### Activity
This exercise calls for the data below to be retyped exactly, minus any images.

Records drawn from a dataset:
=== Section Start ===

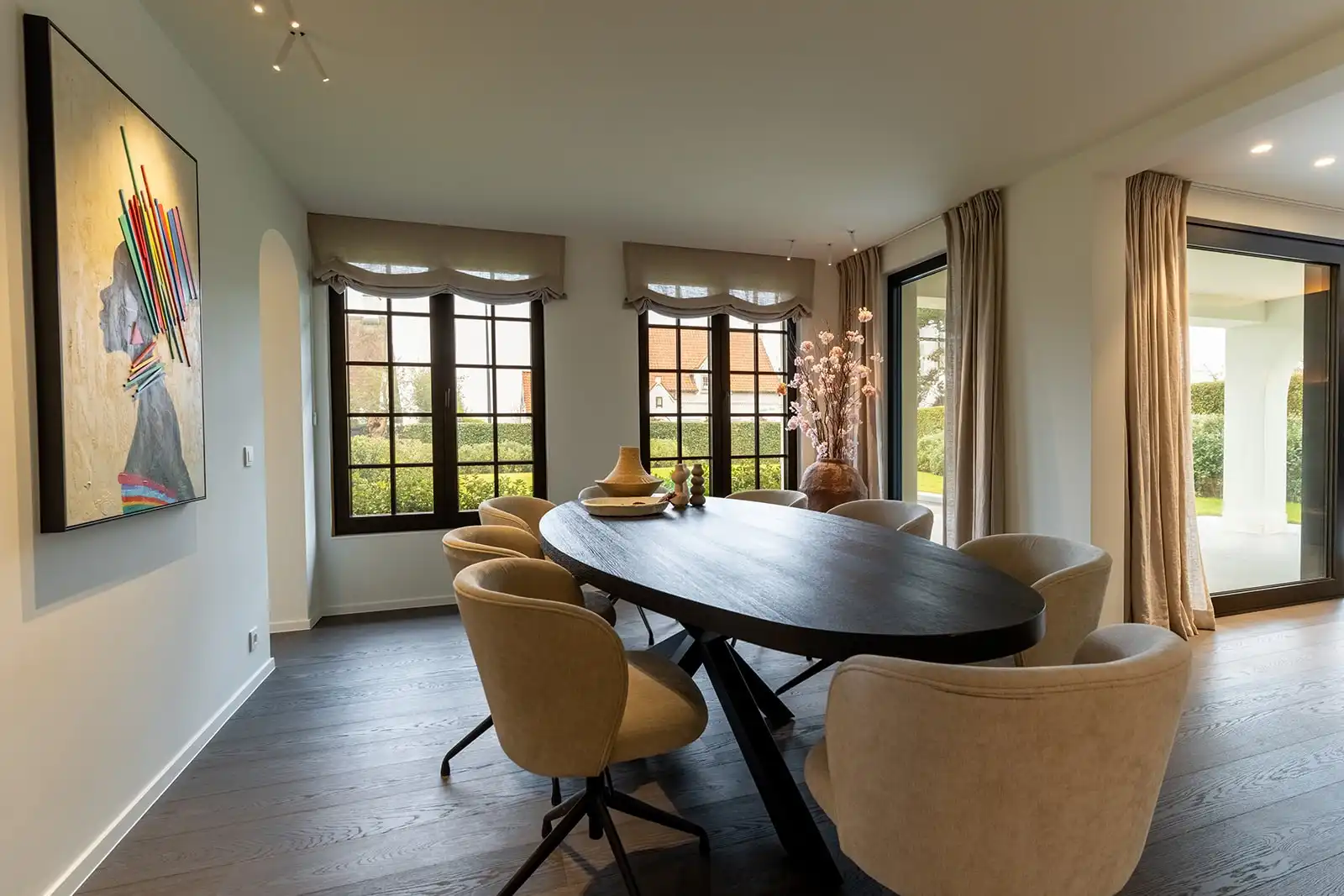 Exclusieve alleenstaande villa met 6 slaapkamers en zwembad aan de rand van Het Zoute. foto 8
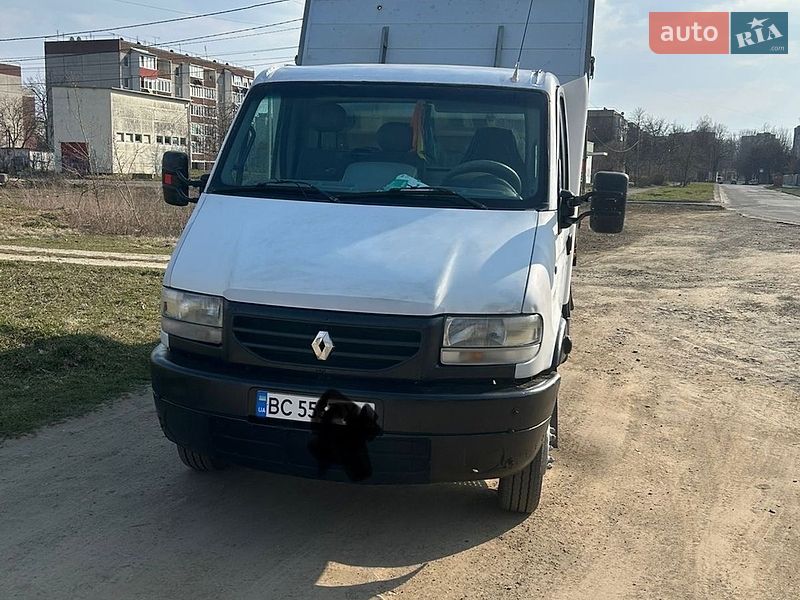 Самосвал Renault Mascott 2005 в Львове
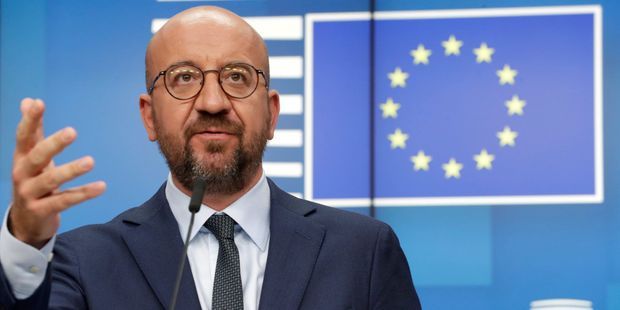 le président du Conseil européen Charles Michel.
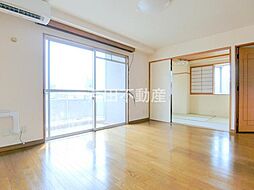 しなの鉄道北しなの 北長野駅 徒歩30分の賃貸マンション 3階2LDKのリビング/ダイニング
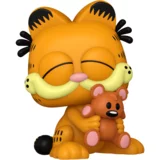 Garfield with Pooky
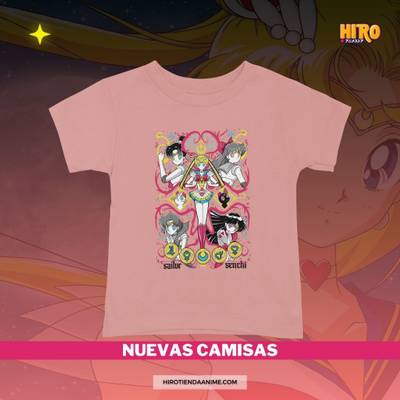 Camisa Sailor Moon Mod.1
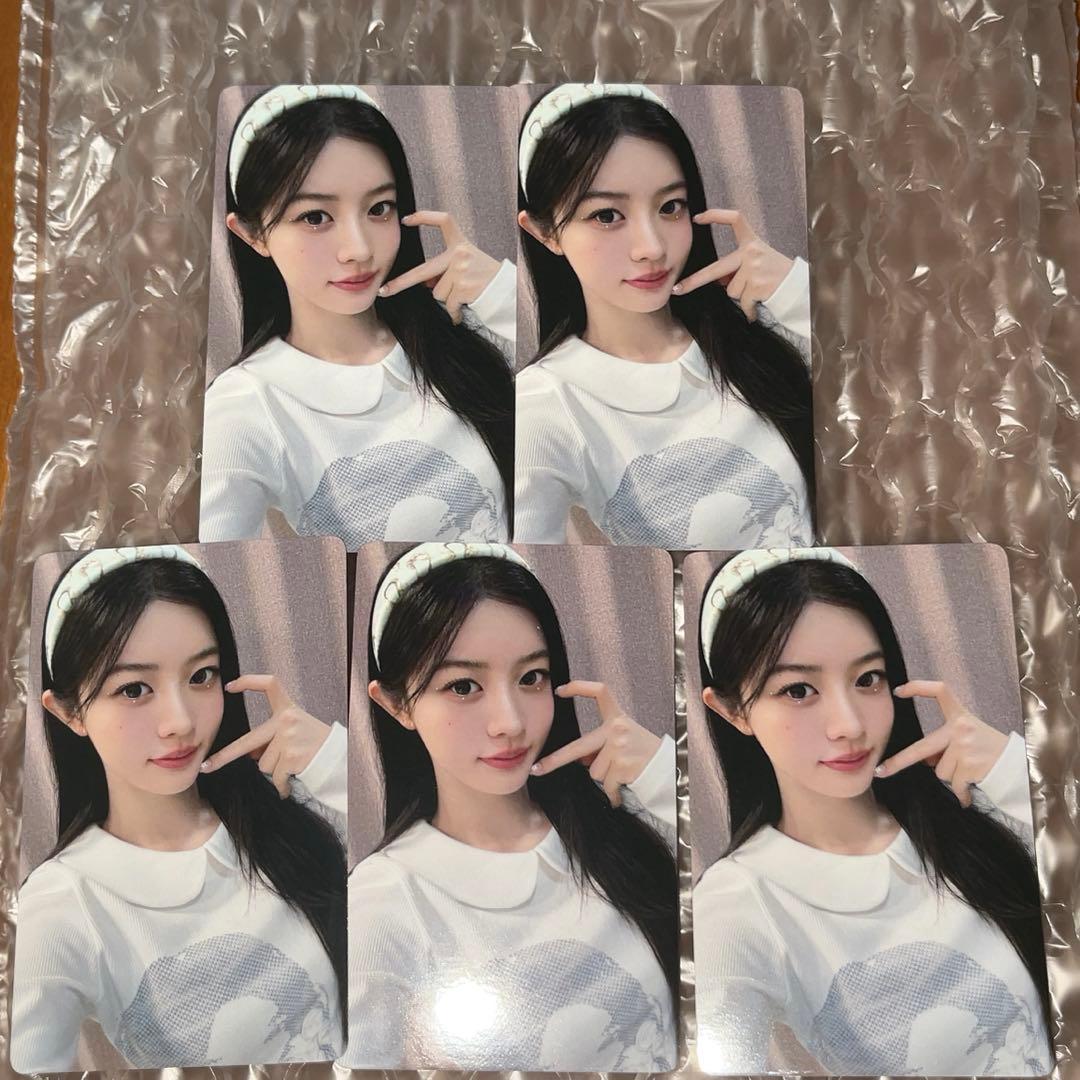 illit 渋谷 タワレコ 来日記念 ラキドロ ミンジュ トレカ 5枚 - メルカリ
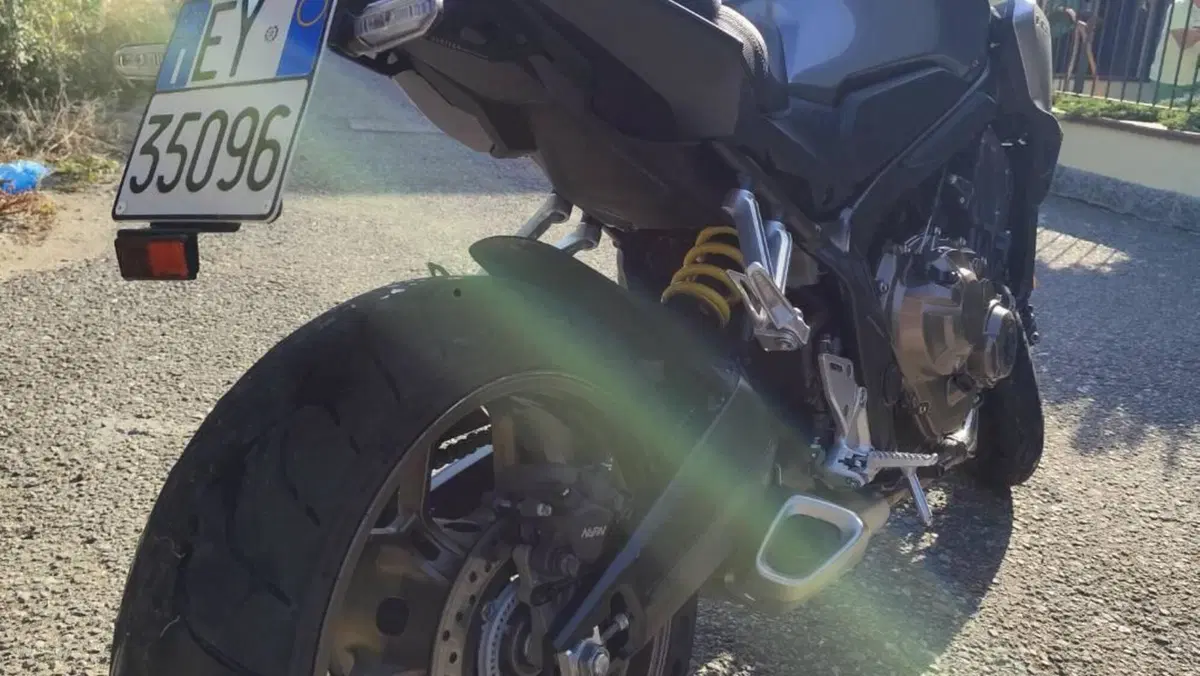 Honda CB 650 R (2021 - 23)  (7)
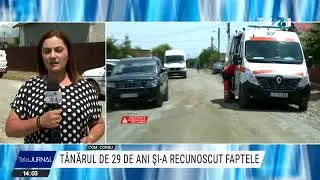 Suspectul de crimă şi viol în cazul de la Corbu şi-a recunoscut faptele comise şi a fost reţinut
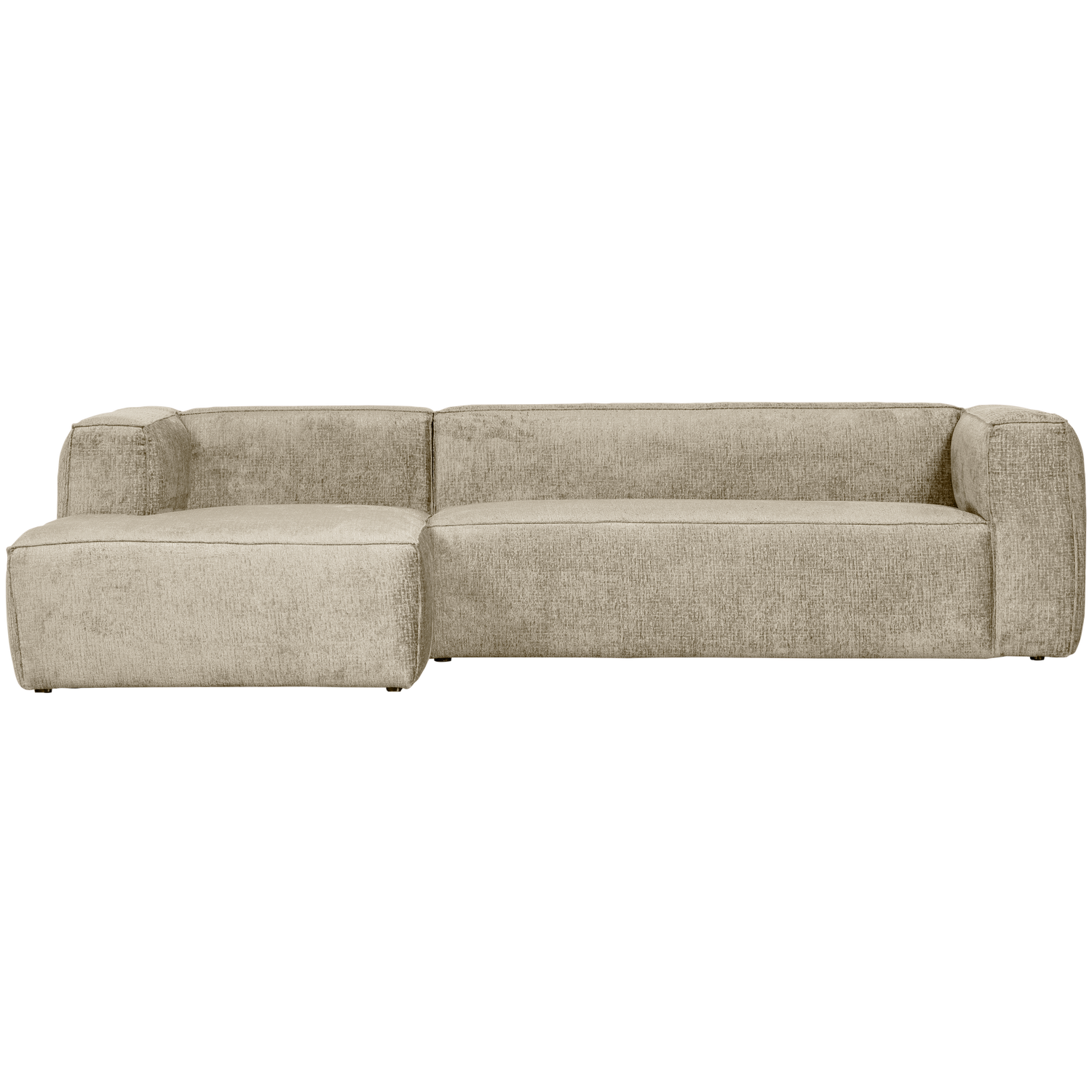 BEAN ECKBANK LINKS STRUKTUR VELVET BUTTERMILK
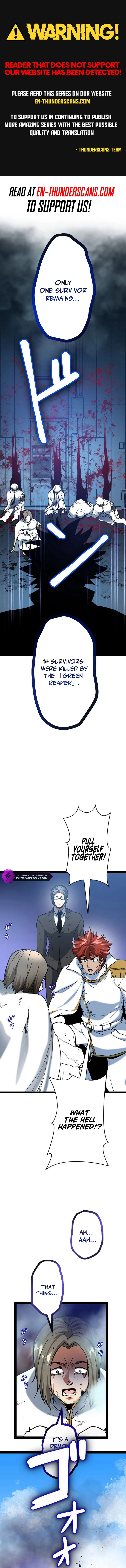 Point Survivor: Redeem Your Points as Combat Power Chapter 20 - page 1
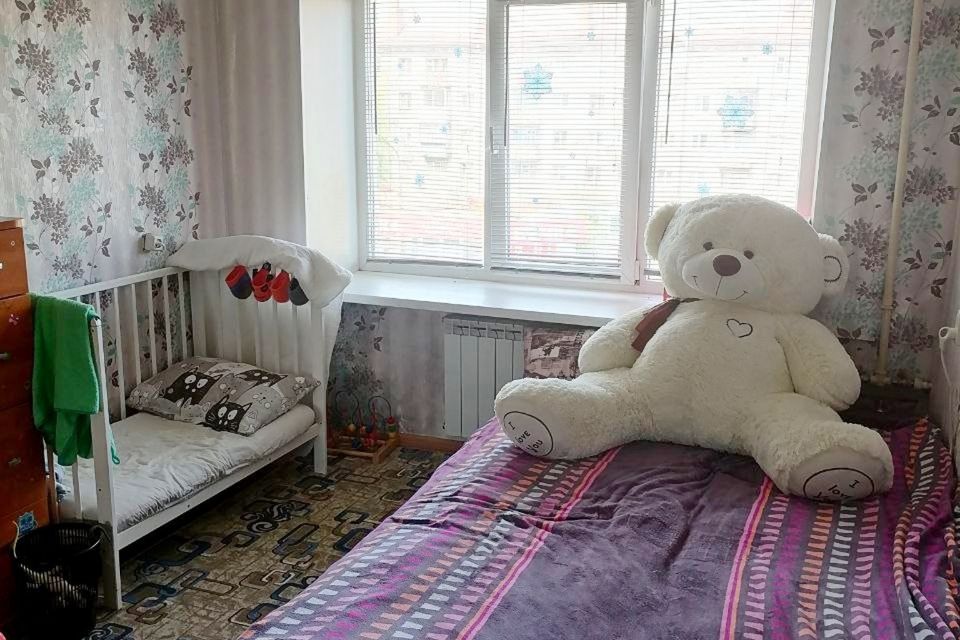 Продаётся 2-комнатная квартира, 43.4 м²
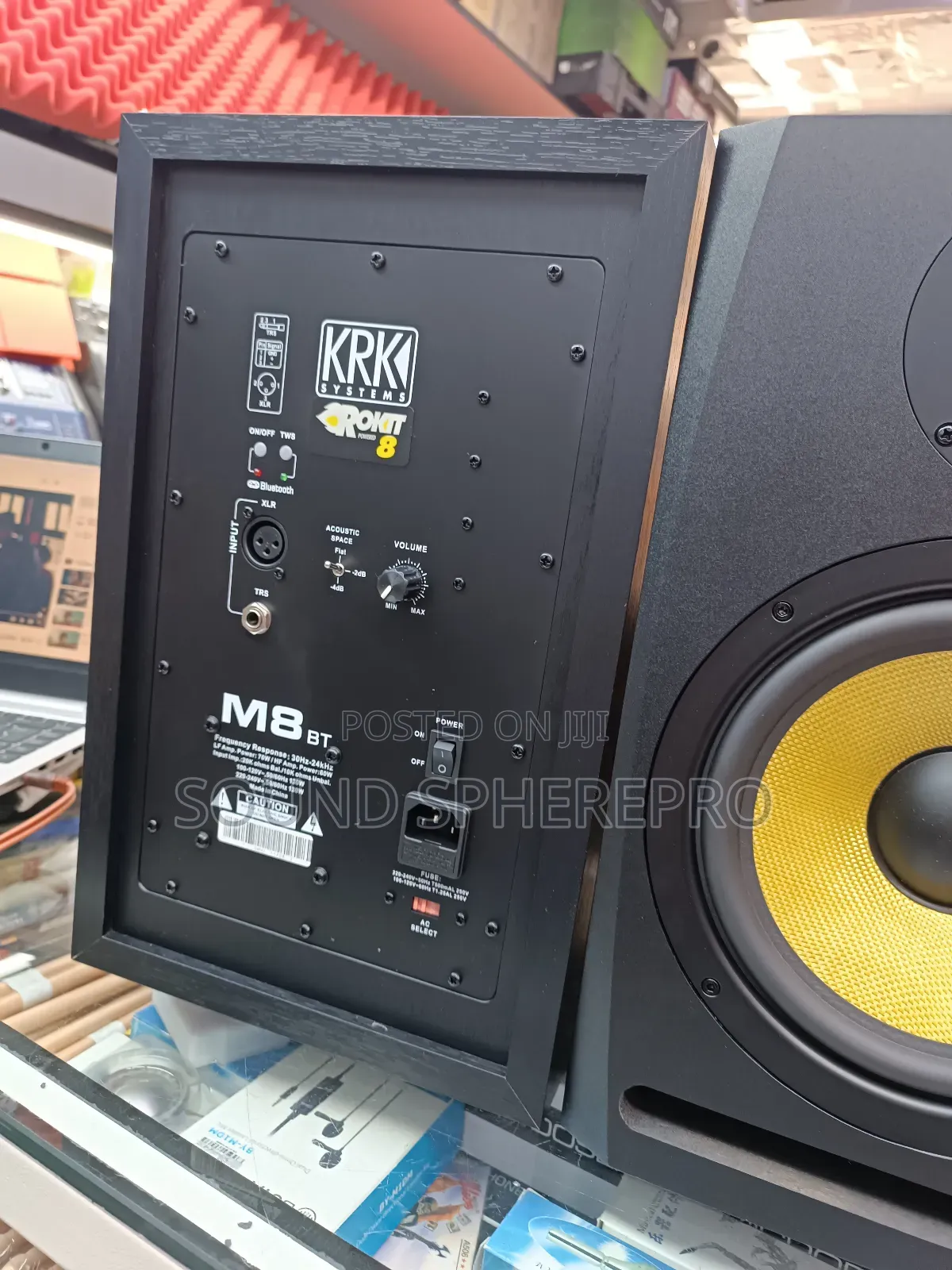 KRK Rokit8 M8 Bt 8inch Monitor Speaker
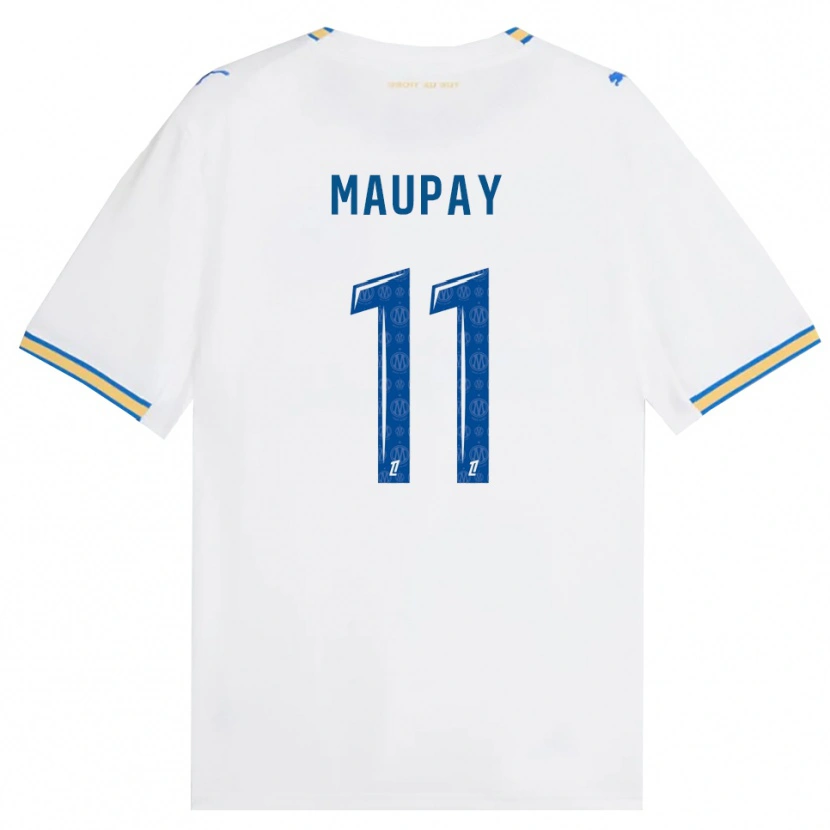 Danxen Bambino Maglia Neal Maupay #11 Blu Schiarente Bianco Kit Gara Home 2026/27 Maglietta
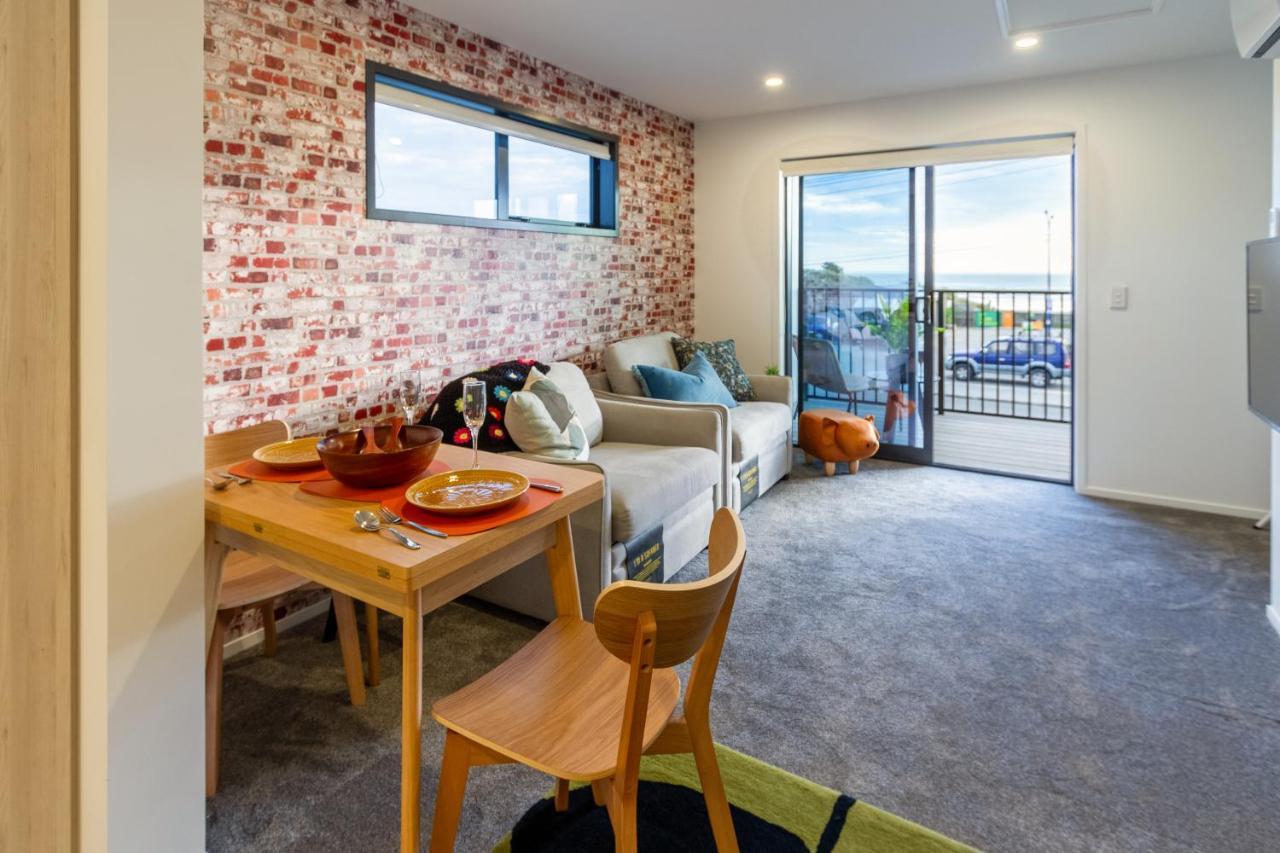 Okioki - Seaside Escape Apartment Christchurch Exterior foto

=== Section End ===

### Solution to the problem
 Exclusieve alleenstaande villa met 6 slaapkamers en zwembad aan de rand van Het Zoute. foto 8
 Самосвал Renault Mascott 2005 в Львове
 le président du Conseil européen Charles Michel.
 しなの鉄道北しなの 北長野駅 徒歩30分の賃貸マンション 3階2LDKのリビング/ダイニング
 Garfield with Pooky
 Camisa Sailor Moon Mod.1
 illit 渋谷 タワレコ 来日記念 ラキドロ ミンジュ トレカ 5枚 - メルカリ
 Honda CB 650 R (2021 - 23)  (7)
 Suspectul de crimă şi viol în cazul de la Corbu şi-a recunoscut faptele comise şi a fost reţinut
 BEAN ECKBANK LINKS STRUKTUR VELVET BUTTERMILK
 Point Survivor: Redeem Your Points as Combat Power Chapter 20 - page 1
 Продаётся 2-комнатная квартира, 43.4 м²
 KRK Rokit8 M8 Bt 8inch Monitor Speaker
 Danxen Bambino Maglia Neal Maupay #11 Blu Schiarente Bianco Kit Gara Home 2026/27 Maglietta
 Okioki - Seaside Escape Apartment Christchurch Exterior foto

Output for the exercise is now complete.